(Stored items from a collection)
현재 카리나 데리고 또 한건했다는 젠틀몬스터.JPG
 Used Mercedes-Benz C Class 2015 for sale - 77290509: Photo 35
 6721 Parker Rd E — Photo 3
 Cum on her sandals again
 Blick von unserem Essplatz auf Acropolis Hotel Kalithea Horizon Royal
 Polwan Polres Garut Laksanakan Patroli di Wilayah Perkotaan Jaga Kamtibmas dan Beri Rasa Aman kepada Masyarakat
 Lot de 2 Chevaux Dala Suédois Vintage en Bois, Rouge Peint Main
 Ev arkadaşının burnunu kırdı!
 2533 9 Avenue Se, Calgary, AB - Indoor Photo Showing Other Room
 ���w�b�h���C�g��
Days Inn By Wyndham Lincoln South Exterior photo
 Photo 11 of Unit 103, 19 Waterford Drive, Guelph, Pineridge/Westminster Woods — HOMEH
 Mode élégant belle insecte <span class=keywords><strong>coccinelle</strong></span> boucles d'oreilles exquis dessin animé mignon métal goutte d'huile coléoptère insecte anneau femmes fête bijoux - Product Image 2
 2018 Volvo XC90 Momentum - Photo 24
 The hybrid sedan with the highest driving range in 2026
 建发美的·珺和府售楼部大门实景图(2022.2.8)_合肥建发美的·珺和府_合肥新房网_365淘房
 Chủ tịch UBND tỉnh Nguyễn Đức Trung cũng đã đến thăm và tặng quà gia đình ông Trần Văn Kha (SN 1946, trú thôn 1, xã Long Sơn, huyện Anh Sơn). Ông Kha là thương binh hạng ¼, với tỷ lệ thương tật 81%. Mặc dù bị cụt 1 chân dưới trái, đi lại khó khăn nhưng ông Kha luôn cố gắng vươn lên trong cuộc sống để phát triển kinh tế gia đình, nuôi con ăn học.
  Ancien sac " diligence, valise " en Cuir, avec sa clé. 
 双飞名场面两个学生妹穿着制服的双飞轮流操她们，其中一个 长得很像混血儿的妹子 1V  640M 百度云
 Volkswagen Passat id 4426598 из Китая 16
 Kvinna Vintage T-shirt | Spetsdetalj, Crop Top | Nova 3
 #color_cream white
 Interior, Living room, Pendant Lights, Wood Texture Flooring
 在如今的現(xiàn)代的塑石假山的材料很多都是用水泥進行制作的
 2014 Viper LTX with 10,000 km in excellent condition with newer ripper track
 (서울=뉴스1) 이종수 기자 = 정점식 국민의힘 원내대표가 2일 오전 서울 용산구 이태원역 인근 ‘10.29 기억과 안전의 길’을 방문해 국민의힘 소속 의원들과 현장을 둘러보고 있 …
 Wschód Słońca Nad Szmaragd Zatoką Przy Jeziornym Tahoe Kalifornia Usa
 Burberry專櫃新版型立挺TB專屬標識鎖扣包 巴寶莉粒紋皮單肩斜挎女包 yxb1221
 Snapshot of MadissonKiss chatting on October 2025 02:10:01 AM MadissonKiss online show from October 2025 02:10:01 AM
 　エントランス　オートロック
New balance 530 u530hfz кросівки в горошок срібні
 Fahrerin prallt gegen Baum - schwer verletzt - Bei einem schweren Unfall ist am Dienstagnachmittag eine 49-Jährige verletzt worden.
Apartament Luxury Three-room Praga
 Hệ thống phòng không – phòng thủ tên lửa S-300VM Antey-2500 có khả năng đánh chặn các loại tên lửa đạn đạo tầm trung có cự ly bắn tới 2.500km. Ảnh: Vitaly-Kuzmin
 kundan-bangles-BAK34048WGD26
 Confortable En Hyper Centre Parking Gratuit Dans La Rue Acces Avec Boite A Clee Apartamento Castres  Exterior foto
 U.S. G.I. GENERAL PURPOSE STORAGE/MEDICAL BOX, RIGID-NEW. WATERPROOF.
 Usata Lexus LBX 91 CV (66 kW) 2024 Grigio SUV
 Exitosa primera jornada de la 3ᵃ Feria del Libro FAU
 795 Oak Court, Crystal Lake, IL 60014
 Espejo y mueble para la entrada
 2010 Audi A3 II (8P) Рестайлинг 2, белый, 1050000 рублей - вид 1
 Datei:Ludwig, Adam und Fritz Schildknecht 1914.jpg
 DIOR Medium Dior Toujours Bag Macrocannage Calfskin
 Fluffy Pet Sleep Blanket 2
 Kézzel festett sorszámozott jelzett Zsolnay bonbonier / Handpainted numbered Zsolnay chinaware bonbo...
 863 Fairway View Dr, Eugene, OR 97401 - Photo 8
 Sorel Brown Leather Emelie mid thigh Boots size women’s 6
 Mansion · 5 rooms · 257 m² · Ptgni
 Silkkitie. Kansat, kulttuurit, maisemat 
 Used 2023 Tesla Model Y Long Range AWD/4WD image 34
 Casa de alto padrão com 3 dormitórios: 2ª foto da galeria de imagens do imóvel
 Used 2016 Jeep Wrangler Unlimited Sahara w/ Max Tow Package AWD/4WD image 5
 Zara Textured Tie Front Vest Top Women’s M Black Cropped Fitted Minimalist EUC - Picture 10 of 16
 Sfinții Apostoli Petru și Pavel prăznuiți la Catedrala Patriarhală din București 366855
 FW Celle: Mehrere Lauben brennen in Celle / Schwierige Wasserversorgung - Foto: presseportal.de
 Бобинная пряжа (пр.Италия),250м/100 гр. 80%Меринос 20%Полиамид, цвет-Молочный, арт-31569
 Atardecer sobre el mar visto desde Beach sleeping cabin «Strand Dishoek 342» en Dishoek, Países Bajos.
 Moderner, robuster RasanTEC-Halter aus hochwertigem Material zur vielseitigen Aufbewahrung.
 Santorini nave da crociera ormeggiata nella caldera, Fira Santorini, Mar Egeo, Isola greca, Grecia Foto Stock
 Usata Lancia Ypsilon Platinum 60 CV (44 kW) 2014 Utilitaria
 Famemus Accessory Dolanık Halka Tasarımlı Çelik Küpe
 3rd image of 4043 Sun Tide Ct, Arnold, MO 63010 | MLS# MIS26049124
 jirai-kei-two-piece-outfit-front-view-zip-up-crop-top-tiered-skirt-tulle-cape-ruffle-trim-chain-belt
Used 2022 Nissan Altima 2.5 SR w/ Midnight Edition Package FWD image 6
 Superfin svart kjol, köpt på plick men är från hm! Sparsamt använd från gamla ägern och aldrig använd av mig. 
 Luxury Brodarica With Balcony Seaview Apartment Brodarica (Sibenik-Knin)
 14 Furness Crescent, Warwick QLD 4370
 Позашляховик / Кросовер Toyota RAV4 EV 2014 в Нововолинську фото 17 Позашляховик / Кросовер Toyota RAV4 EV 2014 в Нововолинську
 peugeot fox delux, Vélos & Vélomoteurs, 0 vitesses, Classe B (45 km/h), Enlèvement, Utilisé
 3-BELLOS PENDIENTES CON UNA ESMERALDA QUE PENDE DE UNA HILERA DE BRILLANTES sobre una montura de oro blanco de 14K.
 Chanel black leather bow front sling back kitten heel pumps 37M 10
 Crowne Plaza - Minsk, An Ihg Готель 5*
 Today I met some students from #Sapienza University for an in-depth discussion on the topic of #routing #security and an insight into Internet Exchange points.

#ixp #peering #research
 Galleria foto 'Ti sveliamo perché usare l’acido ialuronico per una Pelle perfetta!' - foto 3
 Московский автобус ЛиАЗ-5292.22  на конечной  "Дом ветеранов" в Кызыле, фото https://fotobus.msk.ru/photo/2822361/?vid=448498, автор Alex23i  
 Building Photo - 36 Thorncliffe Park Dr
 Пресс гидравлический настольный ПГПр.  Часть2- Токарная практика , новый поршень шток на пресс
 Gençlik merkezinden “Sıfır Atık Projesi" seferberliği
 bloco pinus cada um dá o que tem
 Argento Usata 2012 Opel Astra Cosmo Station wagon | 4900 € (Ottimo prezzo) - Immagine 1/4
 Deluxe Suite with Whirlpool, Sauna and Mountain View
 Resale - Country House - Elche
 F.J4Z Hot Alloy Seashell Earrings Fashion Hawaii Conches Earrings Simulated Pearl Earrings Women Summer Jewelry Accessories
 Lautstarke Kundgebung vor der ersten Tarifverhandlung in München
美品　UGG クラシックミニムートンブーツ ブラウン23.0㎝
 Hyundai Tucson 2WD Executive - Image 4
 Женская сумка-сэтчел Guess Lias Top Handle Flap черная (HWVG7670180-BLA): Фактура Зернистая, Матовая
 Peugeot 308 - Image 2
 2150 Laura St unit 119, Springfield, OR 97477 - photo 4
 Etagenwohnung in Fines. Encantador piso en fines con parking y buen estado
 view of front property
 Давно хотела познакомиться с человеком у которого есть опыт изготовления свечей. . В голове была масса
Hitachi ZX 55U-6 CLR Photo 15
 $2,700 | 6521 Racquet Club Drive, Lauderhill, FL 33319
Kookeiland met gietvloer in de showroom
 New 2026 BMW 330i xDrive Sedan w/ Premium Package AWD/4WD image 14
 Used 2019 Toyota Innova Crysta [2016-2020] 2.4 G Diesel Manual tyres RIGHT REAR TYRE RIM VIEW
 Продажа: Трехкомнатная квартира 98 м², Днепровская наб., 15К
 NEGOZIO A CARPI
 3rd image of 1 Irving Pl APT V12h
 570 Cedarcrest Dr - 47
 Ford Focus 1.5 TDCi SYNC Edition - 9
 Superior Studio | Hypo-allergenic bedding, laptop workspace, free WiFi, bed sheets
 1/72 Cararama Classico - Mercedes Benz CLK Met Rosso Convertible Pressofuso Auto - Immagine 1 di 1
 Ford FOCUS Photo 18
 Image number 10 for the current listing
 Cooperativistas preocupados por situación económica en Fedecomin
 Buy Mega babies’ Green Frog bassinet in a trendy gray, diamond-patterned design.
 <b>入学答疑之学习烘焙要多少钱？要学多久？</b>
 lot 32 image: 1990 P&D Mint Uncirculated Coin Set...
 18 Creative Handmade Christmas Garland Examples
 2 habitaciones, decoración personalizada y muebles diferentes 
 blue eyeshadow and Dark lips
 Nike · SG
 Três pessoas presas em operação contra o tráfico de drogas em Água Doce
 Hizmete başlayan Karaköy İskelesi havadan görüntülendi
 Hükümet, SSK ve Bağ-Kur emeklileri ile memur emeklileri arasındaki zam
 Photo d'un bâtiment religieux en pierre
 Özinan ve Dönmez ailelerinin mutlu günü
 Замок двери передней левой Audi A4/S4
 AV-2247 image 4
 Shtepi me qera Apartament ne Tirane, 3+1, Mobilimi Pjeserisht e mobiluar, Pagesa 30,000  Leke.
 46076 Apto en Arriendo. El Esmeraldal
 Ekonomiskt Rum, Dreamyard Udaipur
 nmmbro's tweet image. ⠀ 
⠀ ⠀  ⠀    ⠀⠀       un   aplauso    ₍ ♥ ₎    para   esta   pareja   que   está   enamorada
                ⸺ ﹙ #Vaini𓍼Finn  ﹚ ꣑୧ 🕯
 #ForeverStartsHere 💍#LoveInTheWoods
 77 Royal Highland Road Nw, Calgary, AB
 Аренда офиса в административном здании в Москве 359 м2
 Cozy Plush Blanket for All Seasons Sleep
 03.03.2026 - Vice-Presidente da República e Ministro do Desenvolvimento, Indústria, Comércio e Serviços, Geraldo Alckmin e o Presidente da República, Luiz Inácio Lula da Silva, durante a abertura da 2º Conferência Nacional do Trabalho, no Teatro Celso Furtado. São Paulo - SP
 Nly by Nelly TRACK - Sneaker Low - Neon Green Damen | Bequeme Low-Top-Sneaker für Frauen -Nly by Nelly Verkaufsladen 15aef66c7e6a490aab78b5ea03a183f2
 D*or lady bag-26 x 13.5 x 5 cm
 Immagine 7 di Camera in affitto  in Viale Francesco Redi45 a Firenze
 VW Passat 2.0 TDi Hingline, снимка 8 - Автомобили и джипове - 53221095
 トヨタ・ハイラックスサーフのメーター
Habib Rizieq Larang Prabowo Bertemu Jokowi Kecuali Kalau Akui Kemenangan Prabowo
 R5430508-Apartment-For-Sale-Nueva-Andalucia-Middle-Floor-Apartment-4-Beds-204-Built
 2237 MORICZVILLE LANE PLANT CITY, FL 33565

■ Exercise instructions ■
Of the entries above, repeat exactly the lines between the line with "Hizmete başlayan Karaköy" and the line with "nmmbro's tweet image. ⠀", inclusive, and no others.

■ Written response ■
 Hizmete başlayan Karaköy İskelesi havadan görüntülendi
 Hükümet, SSK ve Bağ-Kur emeklileri ile memur emeklileri arasındaki zam
 Photo d'un bâtiment religieux en pierre
 Özinan ve Dönmez ailelerinin mutlu günü
 Замок двери передней левой Audi A4/S4
 AV-2247 image 4
 Shtepi me qera Apartament ne Tirane, 3+1, Mobilimi Pjeserisht e mobiluar, Pagesa 30,000  Leke.
 46076 Apto en Arriendo. El Esmeraldal
 Ekonomiskt Rum, Dreamyard Udaipur
 nmmbro's tweet image. ⠀ 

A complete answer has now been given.